§ Problem requirements
Below are records with pictures. Transcribe exactly, and only, the lines from the line with "Two portraits here" to the line with "Engaged couple laughing", both ends included, but not the pictures.

§ Supplied material
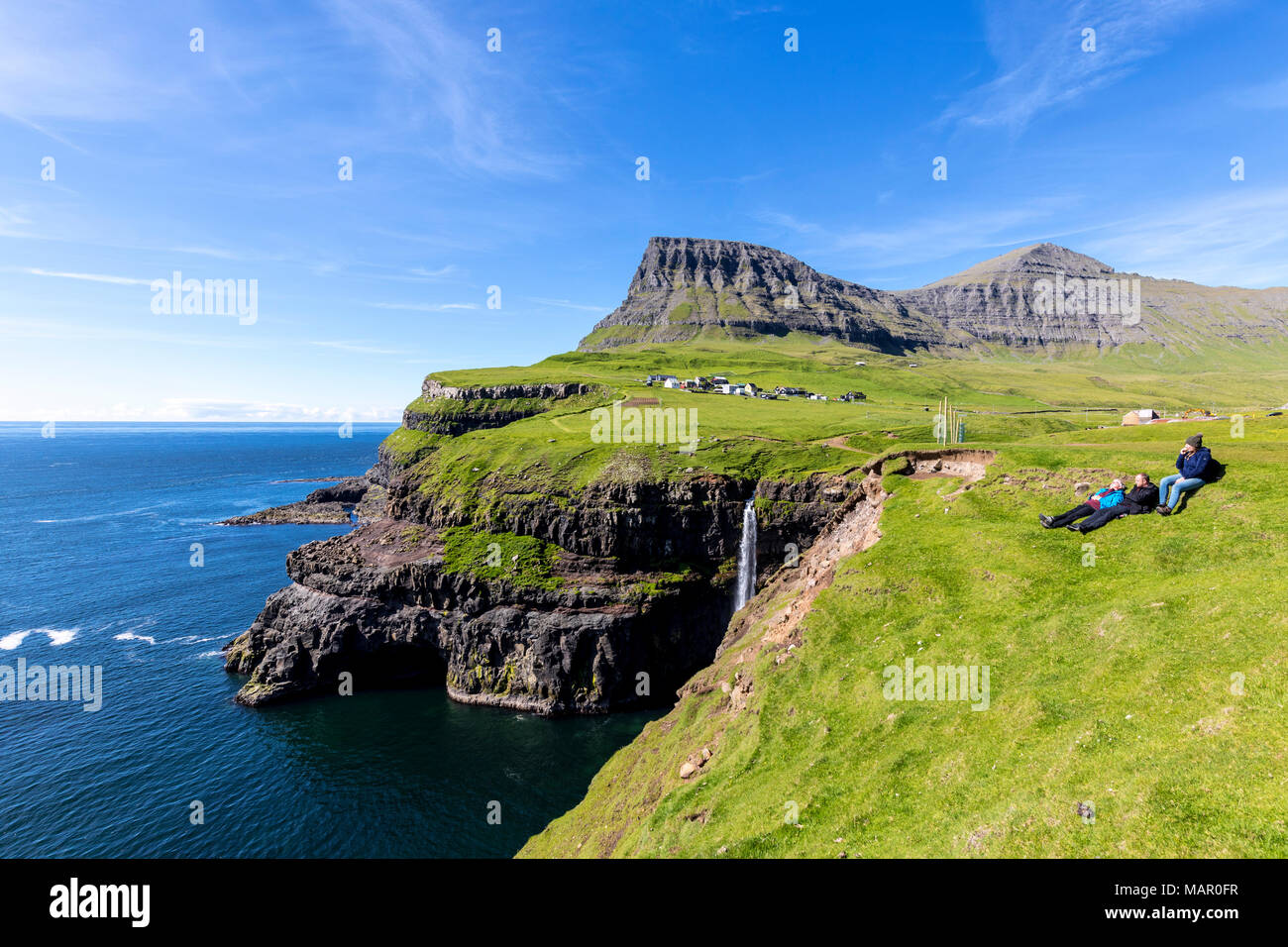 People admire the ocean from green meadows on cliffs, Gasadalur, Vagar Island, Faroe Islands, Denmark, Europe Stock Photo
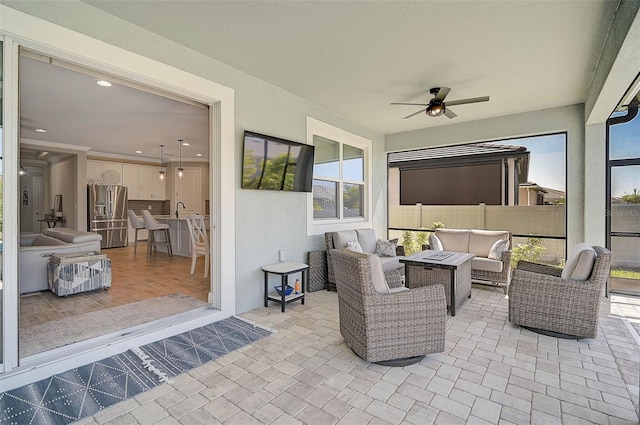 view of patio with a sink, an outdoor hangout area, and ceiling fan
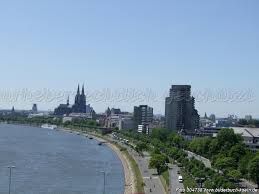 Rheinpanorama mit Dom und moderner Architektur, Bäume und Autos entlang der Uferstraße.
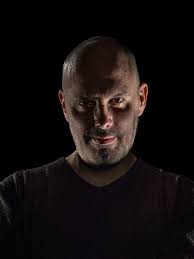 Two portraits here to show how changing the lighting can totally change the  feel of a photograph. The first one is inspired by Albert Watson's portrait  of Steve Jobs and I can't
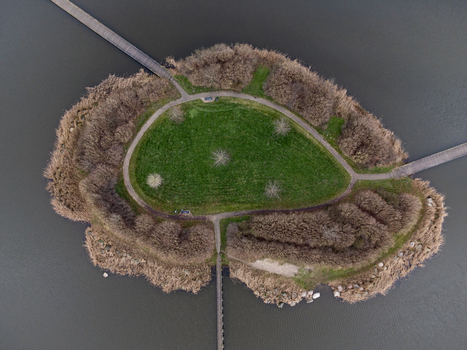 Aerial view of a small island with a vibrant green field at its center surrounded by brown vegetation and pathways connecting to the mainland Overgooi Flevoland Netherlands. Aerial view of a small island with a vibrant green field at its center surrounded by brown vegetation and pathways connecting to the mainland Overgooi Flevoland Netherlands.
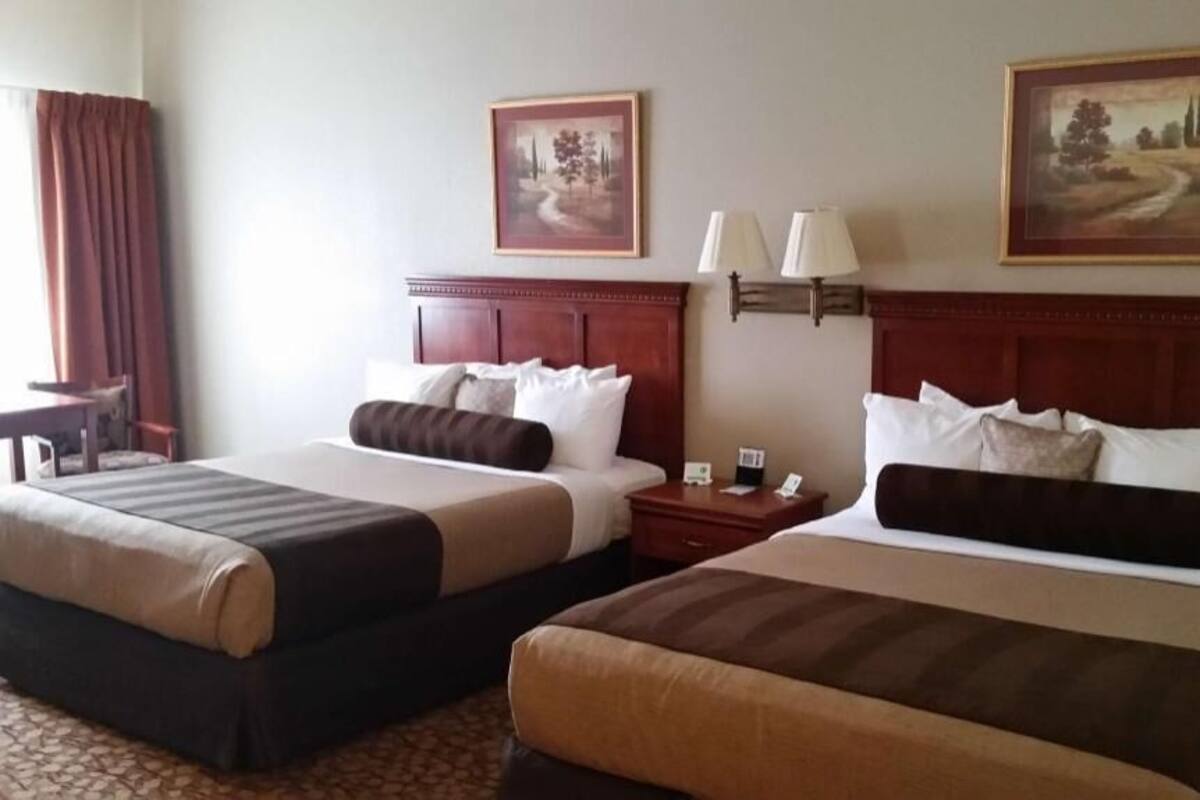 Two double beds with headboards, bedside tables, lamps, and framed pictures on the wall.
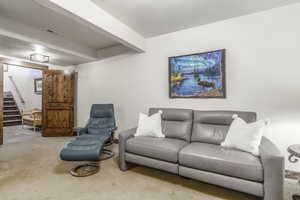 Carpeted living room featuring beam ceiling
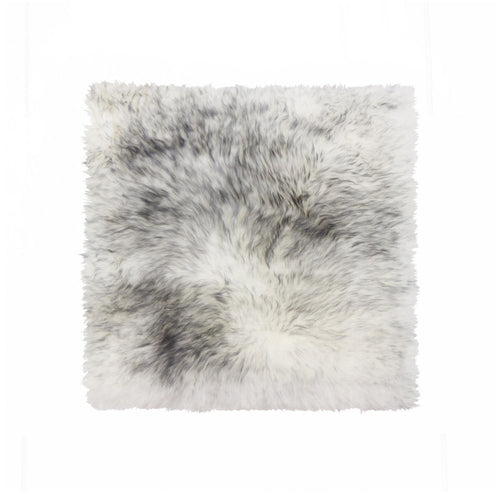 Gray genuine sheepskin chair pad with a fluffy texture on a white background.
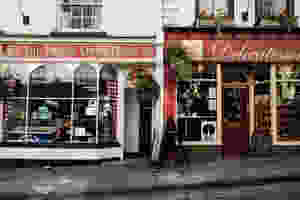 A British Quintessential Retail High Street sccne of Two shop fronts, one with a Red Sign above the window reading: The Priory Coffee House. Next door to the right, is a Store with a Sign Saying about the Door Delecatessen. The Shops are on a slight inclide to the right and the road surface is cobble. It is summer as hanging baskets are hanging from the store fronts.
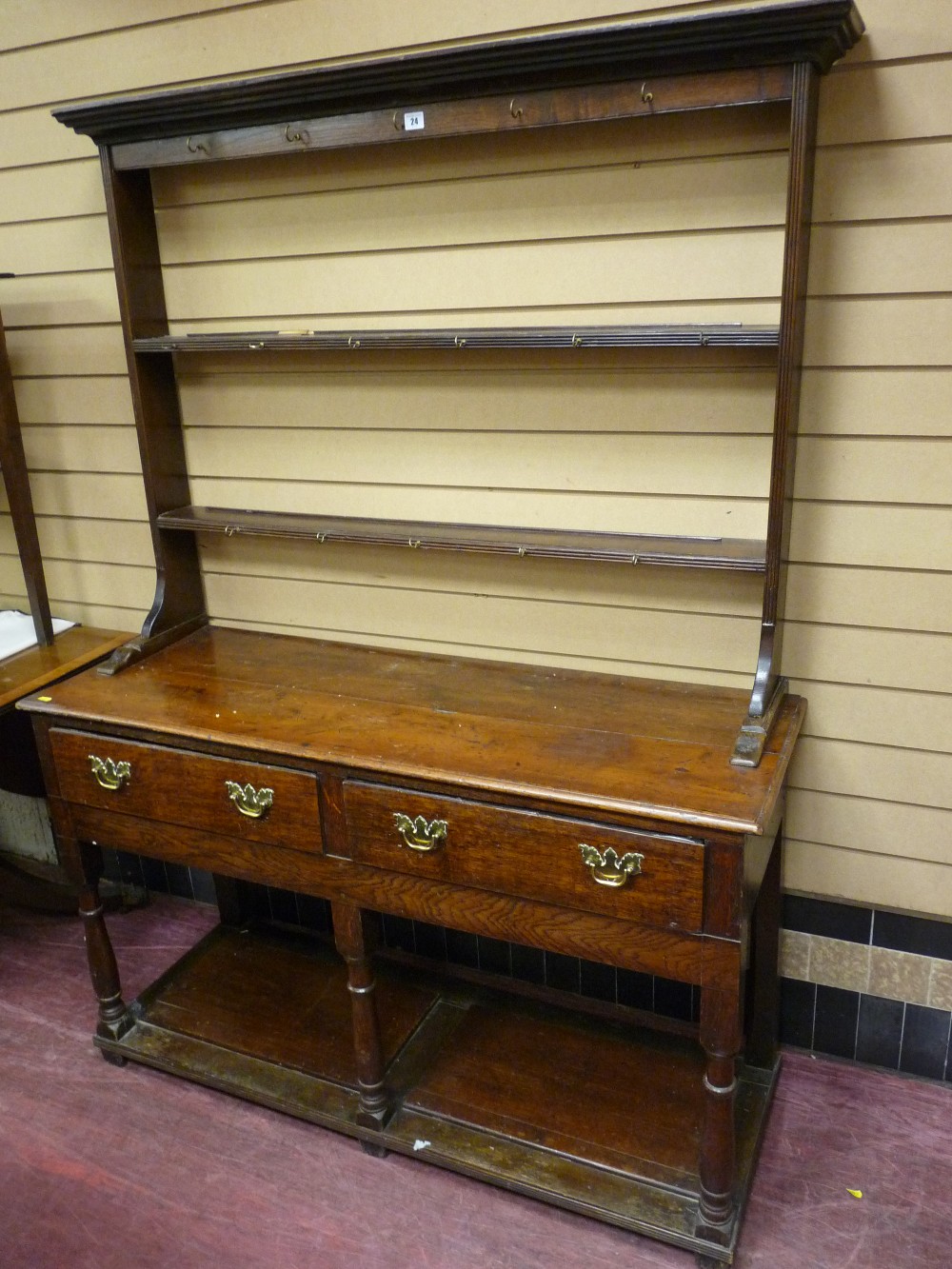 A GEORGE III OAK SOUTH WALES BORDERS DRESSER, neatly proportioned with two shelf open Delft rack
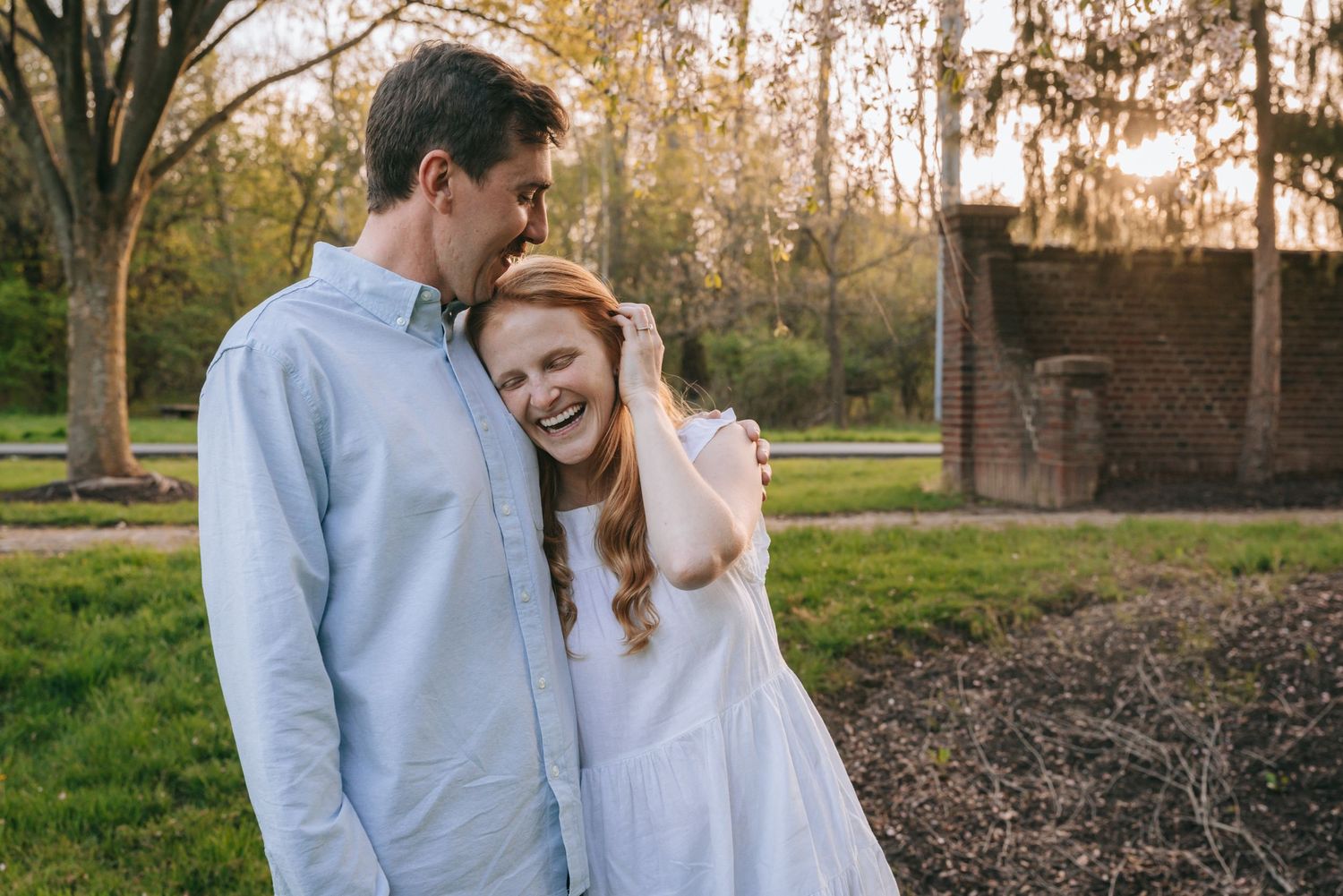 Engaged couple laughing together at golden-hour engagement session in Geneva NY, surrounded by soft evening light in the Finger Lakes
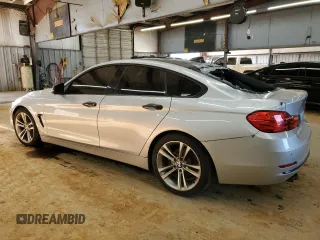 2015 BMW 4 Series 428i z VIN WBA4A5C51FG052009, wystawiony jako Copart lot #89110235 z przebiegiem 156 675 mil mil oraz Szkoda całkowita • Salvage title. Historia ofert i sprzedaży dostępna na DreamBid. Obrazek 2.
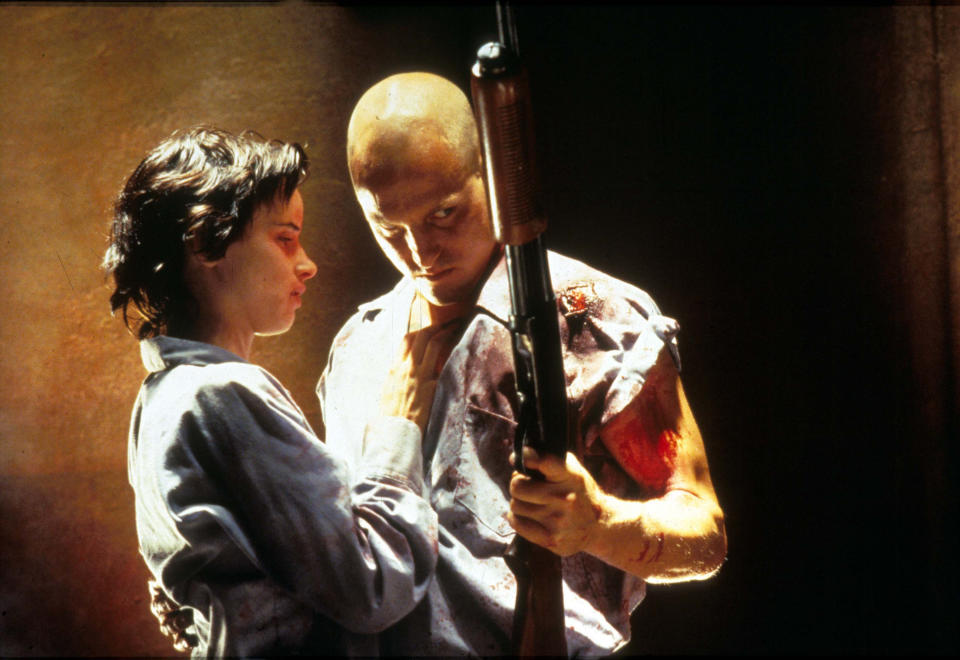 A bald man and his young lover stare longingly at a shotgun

§ Result of this exercise
 Two portraits here to show how changing the lighting can totally change the  feel of a photograph. The first one is inspired by Albert Watson's portrait  of Steve Jobs and I can't
 Aerial view of a small island with a vibrant green field at its center surrounded by brown vegetation and pathways connecting to the mainland Overgooi Flevoland Netherlands. Aerial view of a small island with a vibrant green field at its center surrounded by brown vegetation and pathways connecting to the mainland Overgooi Flevoland Netherlands.
 Two double beds with headboards, bedside tables, lamps, and framed pictures on the wall.
 Carpeted living room featuring beam ceiling
 Gray genuine sheepskin chair pad with a fluffy texture on a white background.
 A British Quintessential Retail High Street sccne of Two shop fronts, one with a Red Sign above the window reading: The Priory Coffee House. Next door to the right, is a Store with a Sign Saying about the Door Delecatessen. The Shops are on a slight inclide to the right and the road surface is cobble. It is summer as hanging baskets are hanging from the store fronts.
 A GEORGE III OAK SOUTH WALES BORDERS DRESSER, neatly proportioned with two shelf open Delft rack
 Engaged couple laughing together at golden-hour engagement session in Geneva NY, surrounded by soft evening light in the Finger Lakes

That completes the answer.